Segment Start: Data supplied

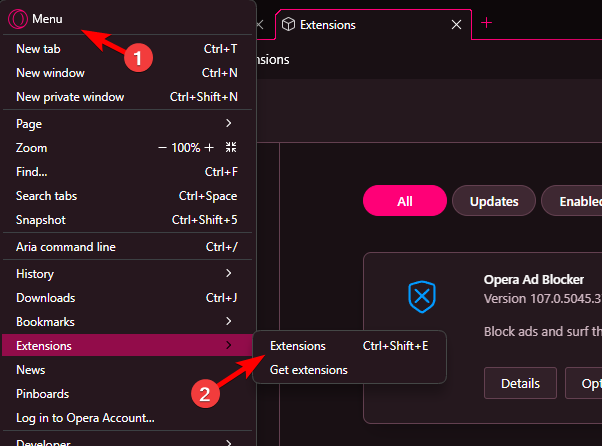 extensions opera gx menu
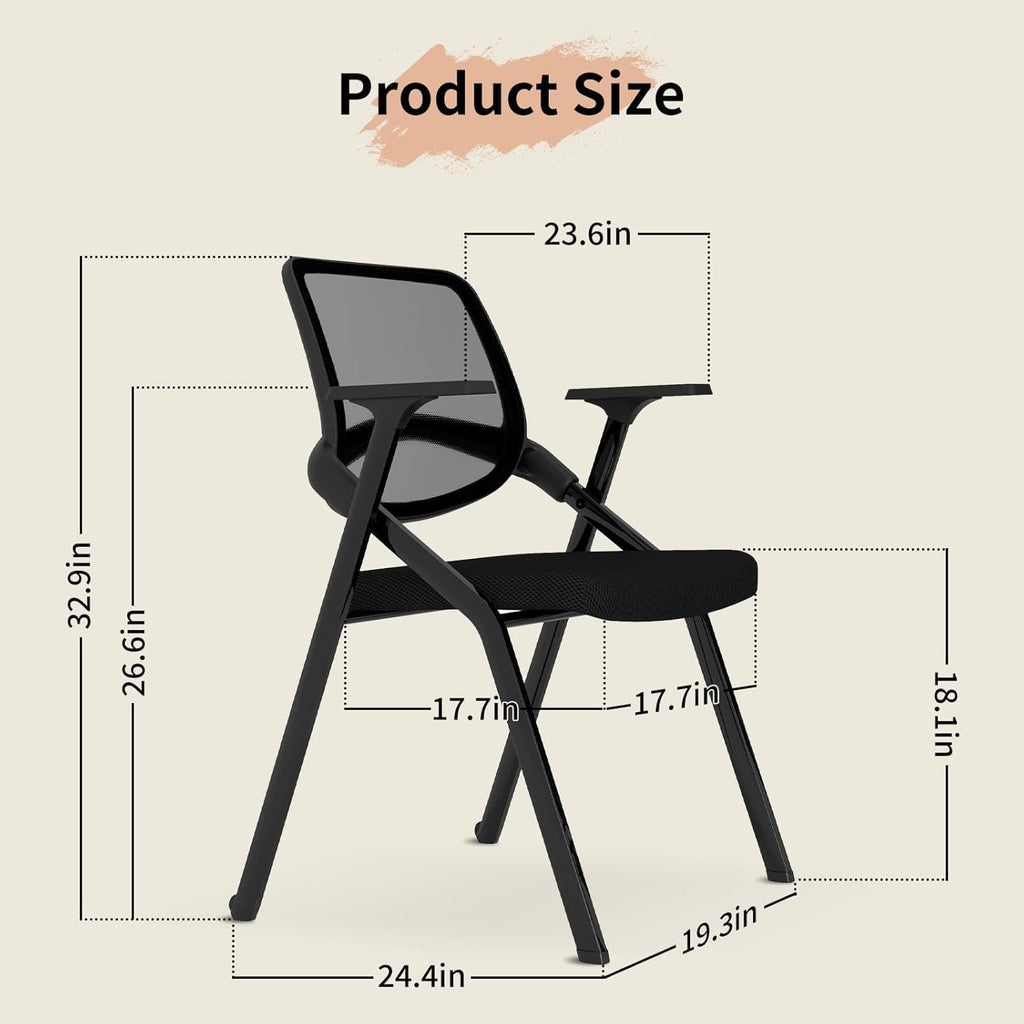 4 Pack Folding Office Chair with Arms, Foldable Conference Room Chairs, Flip-Top Nesting Guest Reception Chair, Breathable Mesh Back Space-Saving Classroom Training Seating, Heavy Duty Fixed Base (8)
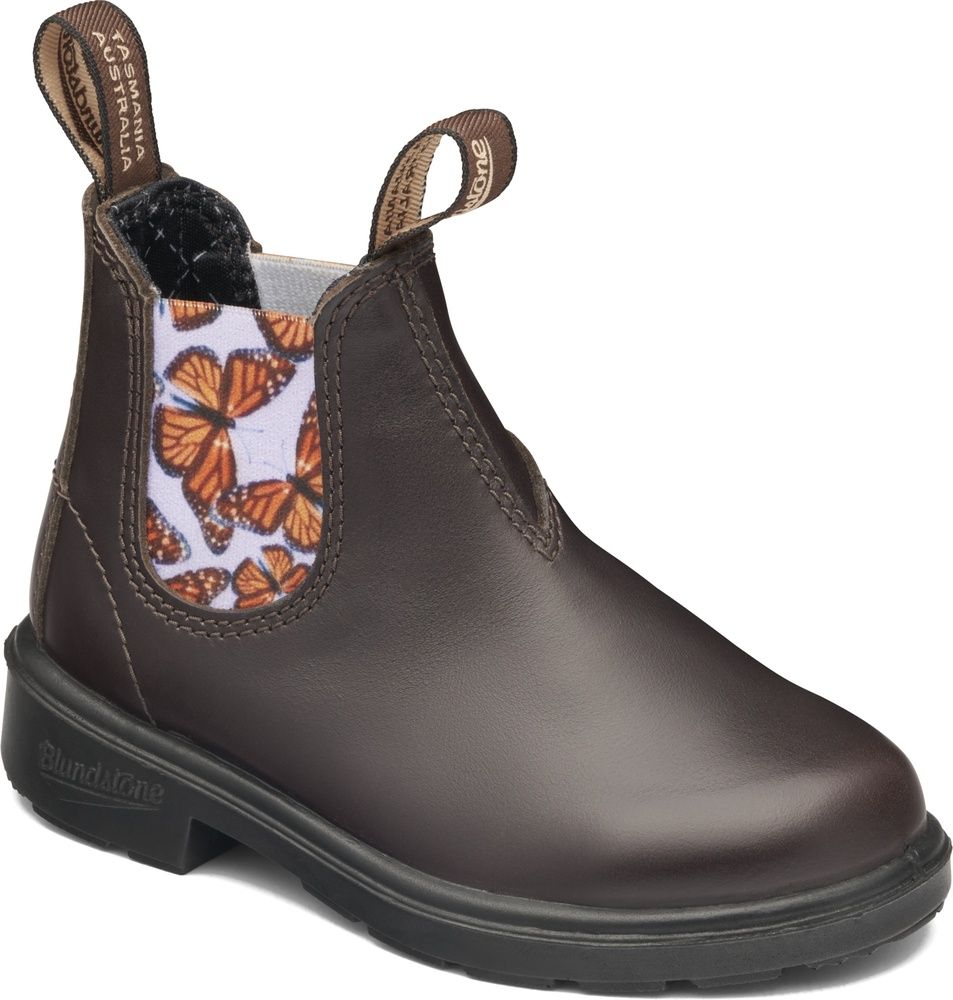 BlundstoneKinderChelseaBoots2395BrownLeatherWithButterflyLilacElasticKidsBrown-K8UK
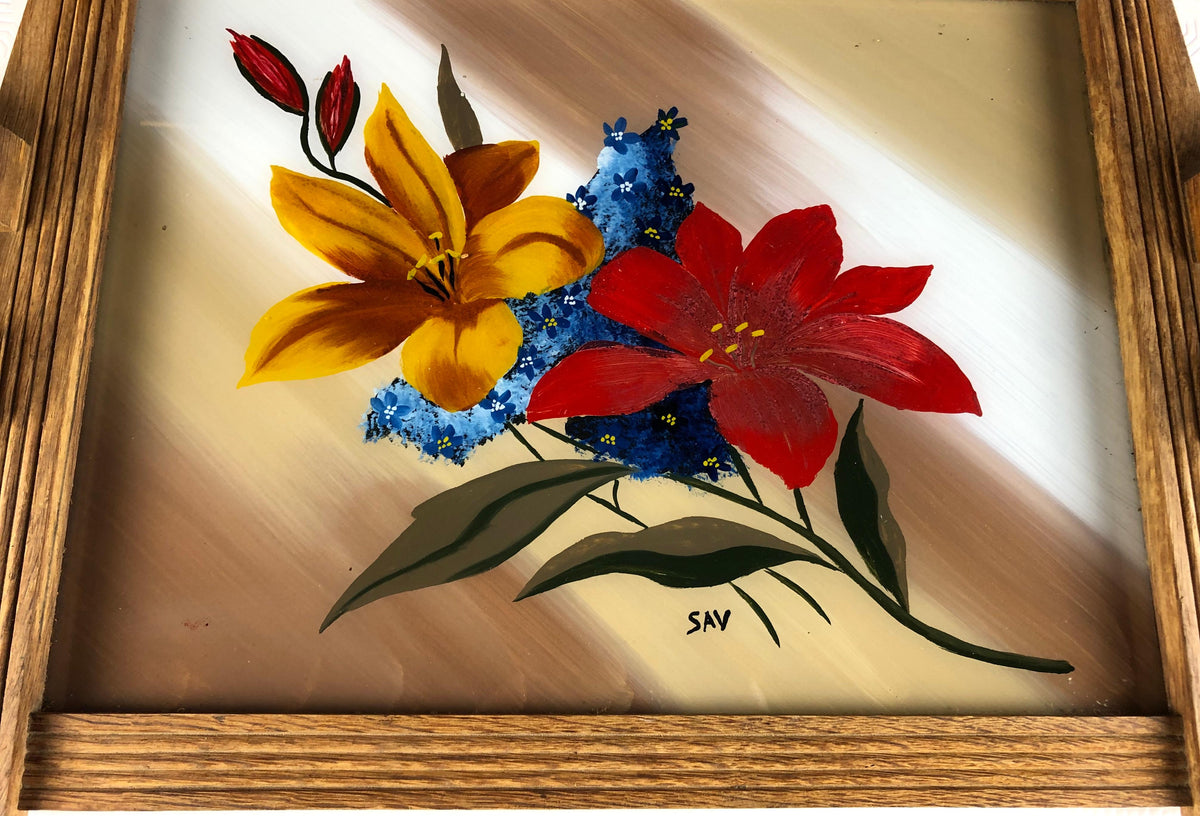French Art Deco Style Serving Tray with Flowers, Oak and Glass — detail 3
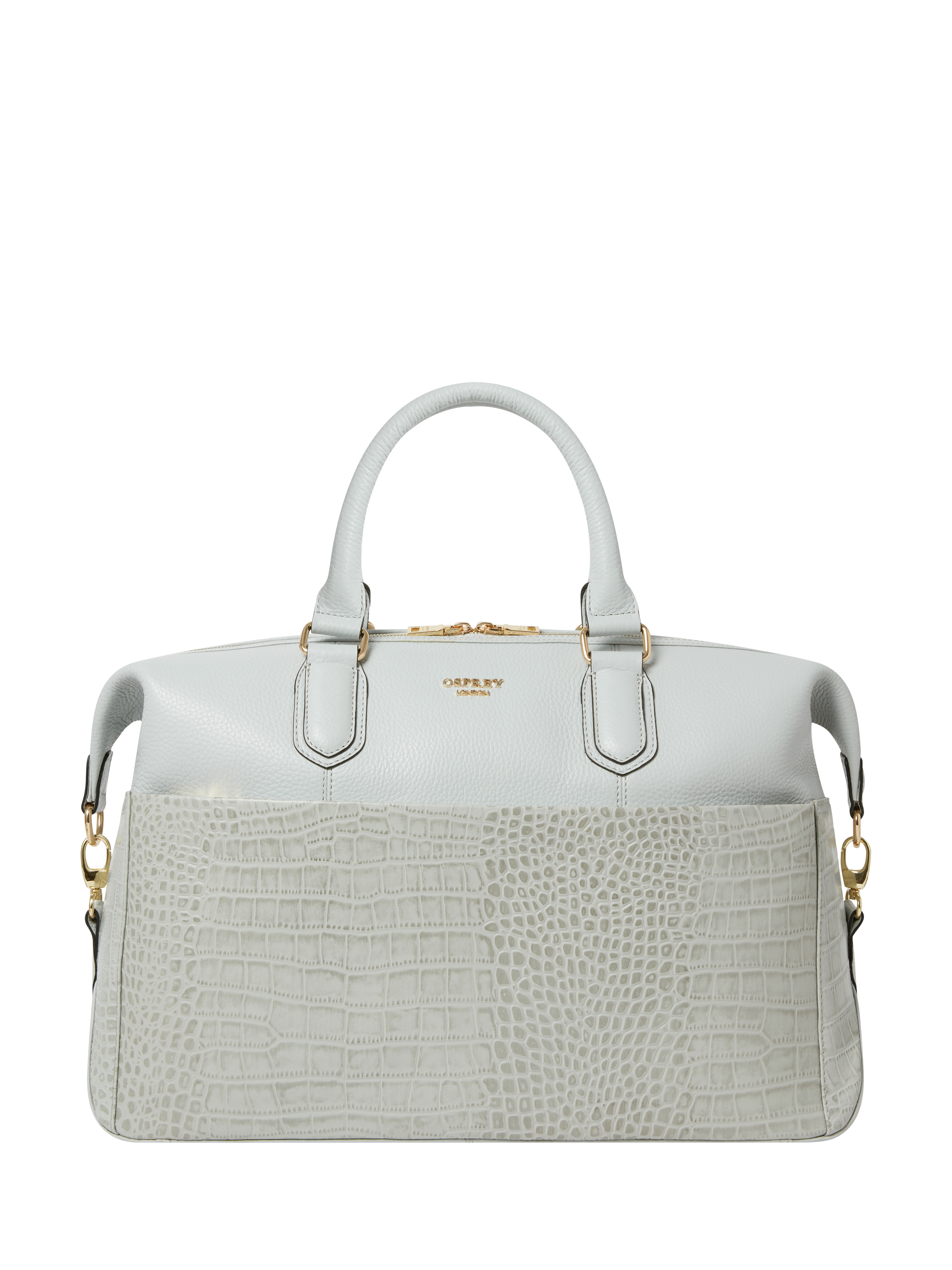 Product image 2 of 6, which shows OSPREY LONDON Croc Leather Kellie Weekender Bag, Mist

Segment End: Data supplied

Copy all of the records verbatim, omitting the pictures.

■ **Response box**
 extensions opera gx menu
 4 Pack Folding Office Chair with Arms, Foldable Conference Room Chairs, Flip-Top Nesting Guest Reception Chair, Breathable Mesh Back Space-Saving Classroom Training Seating, Heavy Duty Fixed Base (8)
 BlundstoneKinderChelseaBoots2395BrownLeatherWithButterflyLilacElasticKidsBrown-K8UK
French Art Deco Style Serving Tray with Flowers, Oak and Glass — detail 3
 Product image 2 of 6, which shows OSPREY LONDON Croc Leather Kellie Weekender Bag, Mist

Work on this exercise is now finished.